Note, the above compression methods may be combined to achieve better
compression.

Because of compression, JFFS3 keys have variable size which means, that it is
impossible to directly apply the binary search algorithm to the contents of
indexing nodes. In JFFS3, indexing nodes are decompressed when read and are
cached in decompressed form. And after the indexing node has been decompressed,
the binary search algorithm is applicable.

We believe that keys compression will considerably reduce the amount of
\mbox{on-flash} indexing information and increase the overall performance just
because the amount of Input/Output will lessen. But only actual
\mbox{fixed-size} keys~vs.~\mbox{variable-size} keys tests will show if there
is some real performance gain present.

%
% LINKS
%
\subsection{Links} \label{ref_SectionKeys}

Links in JFFS3 have fixed length and are not compressed.
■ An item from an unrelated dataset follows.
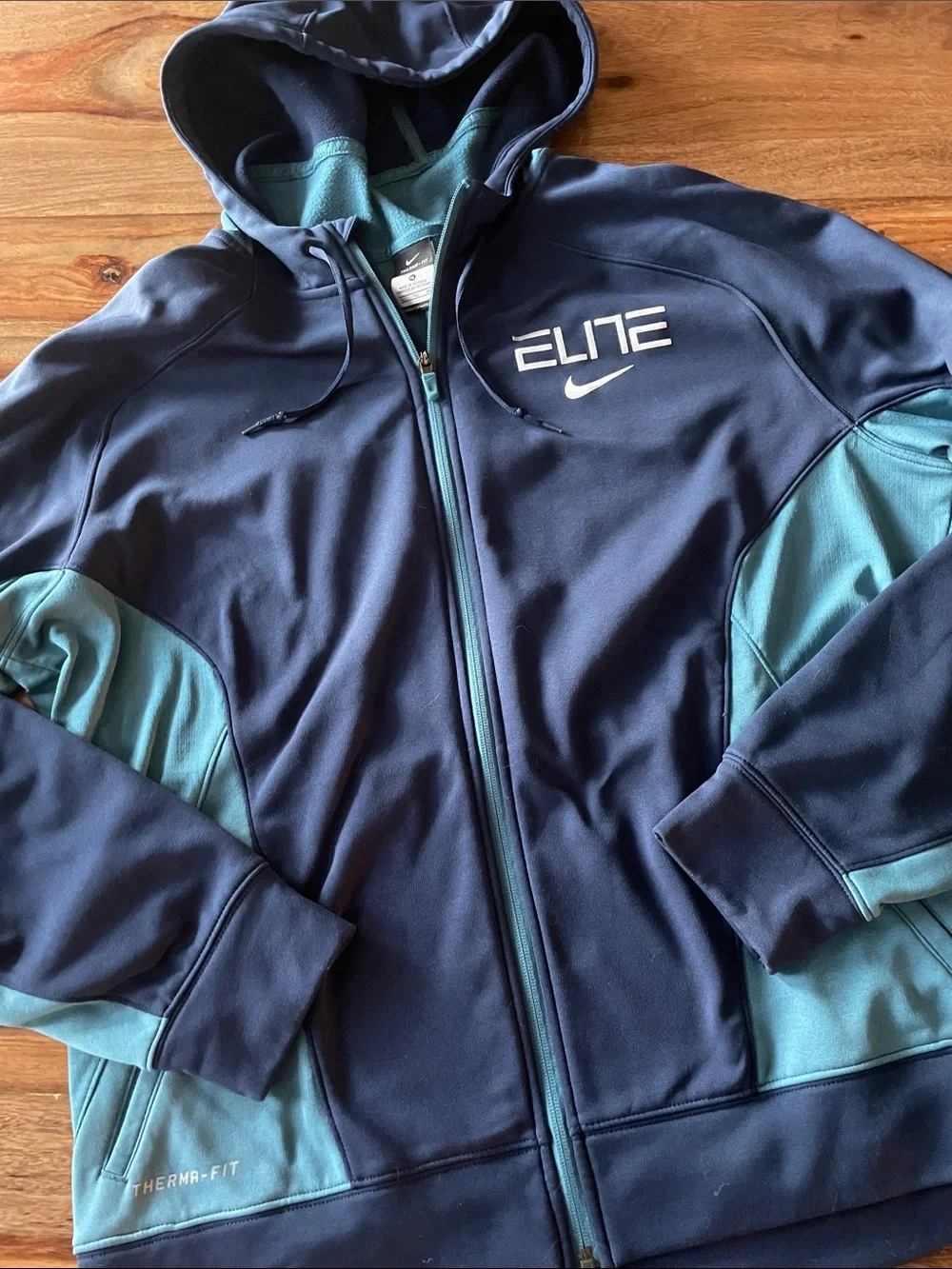Nike Navy and Teal Elite Matching Sweat Suit Size XL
The link width depends
on the size of JFFS3 partition~-- the larger is JFFS3 partition, the wider are
links. Instead of choosing a huge link width to suit the largest possible file
systems (e.g. 64~bits), JFFS3 admits of flexible links width, depending on
JFFS3 partition size.

As indexind nodes have fixed size equivalent to one sector, the width of links
stored in branch nodes and in the root nodes is

$$
w = log_2{S} - s.
$$
Twig nodes refer variable-size leaf nodes so the width of links stored twih
nodes is
$$
w = log_2{S},
$$
where $S$ is the size of the JFFS3 partition and $s$ is the size of sector.